I. Let us begin with a story where an occasion occurs not very unlike that for which they of whom we speak think the Passover this year was transferred; namely, because of the following sabbath. The story is this: "After the death of Shemaiah and Abtalion, the sons of Betira obtained the chief place. Hillel went up from Babylon to inquire concerning three doubts. When he was now at Jerusalem, and the fourteenth day of the first month fell out on the sabbath [observe that], it appeared not to the sons of Betira, whether the Passover drove off the sabbath or no. Which when Hillel had determined in many words, and had added, moreover, that he had learned this from Shemaiah and Abtalion, they laid down their authority, and made Hillel president. When they had chosen him president, he derided them, saying, 'What need have you of this Babylonian? Did you not serve the two chief men of the world, Shemaiah and Abtalion, who sat among you?'" These things which are already said make enough to our purpose, but, with the reader's leave, let us add the whole story: "While he thus scoffed at them, he forgot a tradition. For they said, 'What is to be done with the people if they bring not their knives?' He answered, 'I have heard this tradition, but I have forgot. But let them alone; for although they are not prophets, they are prophets' sons.' Presently every one whose passover was a lamb stuck his knife into the fleece of it; and whose passover was a kid, hung his knife upon the horns of it."

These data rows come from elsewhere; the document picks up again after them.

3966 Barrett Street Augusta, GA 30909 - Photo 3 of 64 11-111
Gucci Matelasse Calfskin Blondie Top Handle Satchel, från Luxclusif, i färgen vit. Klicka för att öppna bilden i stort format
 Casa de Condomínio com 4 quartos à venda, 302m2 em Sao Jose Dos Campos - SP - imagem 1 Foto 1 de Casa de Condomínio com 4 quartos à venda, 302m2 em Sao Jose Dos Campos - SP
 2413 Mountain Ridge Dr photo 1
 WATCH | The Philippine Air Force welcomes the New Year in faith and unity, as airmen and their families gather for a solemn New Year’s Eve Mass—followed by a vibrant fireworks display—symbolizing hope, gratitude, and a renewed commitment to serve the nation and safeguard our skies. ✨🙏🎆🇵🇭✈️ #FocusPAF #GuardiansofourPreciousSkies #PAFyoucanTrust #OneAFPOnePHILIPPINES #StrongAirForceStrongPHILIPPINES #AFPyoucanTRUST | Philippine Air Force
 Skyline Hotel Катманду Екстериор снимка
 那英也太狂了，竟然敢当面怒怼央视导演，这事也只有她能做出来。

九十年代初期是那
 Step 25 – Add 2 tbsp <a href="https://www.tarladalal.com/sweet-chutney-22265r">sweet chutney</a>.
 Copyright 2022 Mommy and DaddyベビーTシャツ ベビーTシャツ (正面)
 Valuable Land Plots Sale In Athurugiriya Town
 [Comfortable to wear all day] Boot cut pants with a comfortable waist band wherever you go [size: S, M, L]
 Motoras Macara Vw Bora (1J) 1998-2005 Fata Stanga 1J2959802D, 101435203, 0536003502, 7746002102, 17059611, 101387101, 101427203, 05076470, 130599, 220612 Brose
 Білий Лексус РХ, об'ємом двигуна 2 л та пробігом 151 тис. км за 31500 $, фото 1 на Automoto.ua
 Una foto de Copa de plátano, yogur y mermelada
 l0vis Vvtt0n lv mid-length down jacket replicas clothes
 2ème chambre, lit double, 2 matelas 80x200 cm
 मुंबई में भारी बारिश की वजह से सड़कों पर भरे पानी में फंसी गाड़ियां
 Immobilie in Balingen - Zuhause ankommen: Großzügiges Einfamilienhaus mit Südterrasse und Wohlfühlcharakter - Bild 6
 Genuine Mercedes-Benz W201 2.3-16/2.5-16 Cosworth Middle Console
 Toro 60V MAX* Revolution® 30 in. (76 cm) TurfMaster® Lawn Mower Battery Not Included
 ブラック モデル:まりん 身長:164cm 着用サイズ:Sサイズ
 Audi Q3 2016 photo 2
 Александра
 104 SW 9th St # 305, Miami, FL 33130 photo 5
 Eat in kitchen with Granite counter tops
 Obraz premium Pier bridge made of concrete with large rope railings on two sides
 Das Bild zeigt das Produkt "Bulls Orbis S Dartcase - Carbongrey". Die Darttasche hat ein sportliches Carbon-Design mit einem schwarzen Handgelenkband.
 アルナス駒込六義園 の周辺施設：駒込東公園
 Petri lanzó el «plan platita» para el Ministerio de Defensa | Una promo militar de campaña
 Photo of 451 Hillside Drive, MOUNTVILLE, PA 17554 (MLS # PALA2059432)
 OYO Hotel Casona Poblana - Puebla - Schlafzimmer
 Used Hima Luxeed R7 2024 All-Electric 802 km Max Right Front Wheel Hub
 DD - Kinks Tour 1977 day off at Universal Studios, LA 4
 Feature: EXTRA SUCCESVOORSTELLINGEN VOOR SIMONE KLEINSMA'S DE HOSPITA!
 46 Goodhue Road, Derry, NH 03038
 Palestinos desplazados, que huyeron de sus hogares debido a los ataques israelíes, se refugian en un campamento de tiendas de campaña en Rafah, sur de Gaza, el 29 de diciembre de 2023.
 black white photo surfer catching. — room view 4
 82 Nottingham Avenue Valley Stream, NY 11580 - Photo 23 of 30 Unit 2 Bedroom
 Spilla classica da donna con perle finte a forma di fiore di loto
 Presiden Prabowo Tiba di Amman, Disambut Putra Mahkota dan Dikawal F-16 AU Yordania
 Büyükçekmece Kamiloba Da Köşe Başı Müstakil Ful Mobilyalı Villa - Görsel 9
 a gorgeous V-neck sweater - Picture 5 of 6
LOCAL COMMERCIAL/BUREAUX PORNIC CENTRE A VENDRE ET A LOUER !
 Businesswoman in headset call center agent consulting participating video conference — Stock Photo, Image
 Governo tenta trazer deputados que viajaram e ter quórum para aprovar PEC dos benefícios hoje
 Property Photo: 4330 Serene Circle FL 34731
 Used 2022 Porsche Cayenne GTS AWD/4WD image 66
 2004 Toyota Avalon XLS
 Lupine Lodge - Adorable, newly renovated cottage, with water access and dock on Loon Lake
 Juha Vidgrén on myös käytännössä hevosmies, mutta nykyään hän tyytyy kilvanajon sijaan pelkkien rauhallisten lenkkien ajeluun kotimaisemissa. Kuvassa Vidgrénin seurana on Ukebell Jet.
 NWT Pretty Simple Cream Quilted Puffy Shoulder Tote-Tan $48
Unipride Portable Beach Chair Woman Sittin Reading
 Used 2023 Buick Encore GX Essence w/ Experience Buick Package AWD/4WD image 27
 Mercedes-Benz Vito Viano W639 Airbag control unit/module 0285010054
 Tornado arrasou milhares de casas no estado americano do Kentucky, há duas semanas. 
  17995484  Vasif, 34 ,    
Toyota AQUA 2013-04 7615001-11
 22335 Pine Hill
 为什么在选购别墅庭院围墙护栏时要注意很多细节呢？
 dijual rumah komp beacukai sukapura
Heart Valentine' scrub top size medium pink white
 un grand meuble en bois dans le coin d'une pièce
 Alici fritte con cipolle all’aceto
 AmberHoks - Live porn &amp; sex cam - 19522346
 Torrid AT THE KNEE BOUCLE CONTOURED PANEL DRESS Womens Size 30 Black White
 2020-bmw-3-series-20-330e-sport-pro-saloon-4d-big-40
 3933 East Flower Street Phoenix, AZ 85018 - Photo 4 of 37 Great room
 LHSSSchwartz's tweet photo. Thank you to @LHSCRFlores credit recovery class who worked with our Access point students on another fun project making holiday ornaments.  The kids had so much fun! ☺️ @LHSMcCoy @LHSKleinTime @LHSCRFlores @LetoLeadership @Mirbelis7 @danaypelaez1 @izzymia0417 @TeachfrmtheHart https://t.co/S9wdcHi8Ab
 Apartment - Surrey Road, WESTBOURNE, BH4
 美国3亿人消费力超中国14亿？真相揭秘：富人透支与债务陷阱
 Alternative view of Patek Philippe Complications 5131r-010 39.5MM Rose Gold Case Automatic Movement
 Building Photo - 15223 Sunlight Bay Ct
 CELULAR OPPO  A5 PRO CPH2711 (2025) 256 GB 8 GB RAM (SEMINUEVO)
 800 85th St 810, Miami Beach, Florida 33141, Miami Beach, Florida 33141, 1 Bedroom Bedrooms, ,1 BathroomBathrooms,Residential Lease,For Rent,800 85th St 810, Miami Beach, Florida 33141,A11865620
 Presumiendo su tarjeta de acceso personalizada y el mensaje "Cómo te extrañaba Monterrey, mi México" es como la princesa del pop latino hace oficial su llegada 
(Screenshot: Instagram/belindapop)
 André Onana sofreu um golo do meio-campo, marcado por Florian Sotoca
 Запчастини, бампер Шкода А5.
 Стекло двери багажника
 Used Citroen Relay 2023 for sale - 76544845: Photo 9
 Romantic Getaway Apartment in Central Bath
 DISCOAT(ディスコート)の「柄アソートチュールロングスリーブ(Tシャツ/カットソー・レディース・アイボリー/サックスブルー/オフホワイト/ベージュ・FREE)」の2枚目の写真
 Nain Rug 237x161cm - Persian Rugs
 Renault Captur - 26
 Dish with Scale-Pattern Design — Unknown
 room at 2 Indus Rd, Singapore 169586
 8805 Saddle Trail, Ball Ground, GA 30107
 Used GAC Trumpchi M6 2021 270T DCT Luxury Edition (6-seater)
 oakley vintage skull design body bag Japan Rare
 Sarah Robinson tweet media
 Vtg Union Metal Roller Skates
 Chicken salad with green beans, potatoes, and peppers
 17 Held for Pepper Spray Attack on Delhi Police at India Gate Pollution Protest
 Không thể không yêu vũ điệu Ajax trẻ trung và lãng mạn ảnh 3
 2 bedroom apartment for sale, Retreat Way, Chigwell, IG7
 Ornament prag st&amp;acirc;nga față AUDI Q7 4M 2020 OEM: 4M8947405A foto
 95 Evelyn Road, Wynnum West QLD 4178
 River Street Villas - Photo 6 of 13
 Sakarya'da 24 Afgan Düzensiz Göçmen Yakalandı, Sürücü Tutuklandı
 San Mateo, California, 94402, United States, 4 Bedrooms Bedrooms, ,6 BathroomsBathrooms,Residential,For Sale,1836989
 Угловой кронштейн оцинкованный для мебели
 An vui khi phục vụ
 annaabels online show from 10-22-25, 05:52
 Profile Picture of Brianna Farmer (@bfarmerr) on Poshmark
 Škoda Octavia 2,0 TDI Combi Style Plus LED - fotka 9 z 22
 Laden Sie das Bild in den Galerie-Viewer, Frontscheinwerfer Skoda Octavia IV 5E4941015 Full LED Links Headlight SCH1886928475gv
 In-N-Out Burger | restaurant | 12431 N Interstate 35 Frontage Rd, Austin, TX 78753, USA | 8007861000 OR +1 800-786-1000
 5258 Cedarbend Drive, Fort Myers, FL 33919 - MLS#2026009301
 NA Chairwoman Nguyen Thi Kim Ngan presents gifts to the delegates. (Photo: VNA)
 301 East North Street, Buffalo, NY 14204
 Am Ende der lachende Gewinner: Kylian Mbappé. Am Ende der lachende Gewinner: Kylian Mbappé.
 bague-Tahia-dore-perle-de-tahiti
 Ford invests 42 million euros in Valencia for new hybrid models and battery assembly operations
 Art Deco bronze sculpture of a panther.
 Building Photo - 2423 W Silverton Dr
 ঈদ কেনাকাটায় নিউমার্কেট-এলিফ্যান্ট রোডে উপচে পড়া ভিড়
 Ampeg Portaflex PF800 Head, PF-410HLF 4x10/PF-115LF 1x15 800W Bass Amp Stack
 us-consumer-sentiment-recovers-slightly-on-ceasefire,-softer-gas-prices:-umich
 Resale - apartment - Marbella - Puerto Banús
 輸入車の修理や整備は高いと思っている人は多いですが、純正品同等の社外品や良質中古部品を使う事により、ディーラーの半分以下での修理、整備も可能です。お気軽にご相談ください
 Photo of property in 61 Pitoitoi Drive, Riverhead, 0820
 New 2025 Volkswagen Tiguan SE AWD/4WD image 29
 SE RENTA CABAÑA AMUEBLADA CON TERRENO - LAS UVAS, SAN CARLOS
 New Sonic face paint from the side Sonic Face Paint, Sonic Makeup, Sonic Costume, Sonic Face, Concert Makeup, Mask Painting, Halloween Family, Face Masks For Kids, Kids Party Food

And now let the impartial reader judge between the reason which is given for the transferring the Passover this year unto the fifteenth day, namely, because of the sabbath following, that they might not be forced to abstain from servile work for two days together; and the reason for which it might with good reason be transferred that year concerning which the story is. The fourteenth day fell on a sabbath; a scruple ariseth, whether the sabbath gives way to the Passover, or the Passover to the sabbath. The very chief men of the Sanhedrim, and the oracles of traditions, are not able to resolve the business. A great article of religion is transacting; and what is here to be done! O ye sons of Betira, transfer but the Passover unto the next day, and the knot is untied. Certainly if this had been either usual or lawful, they had provided that the affairs of religion, and their authority and fame, should not have stuck in this strait. But that was not to be suffered.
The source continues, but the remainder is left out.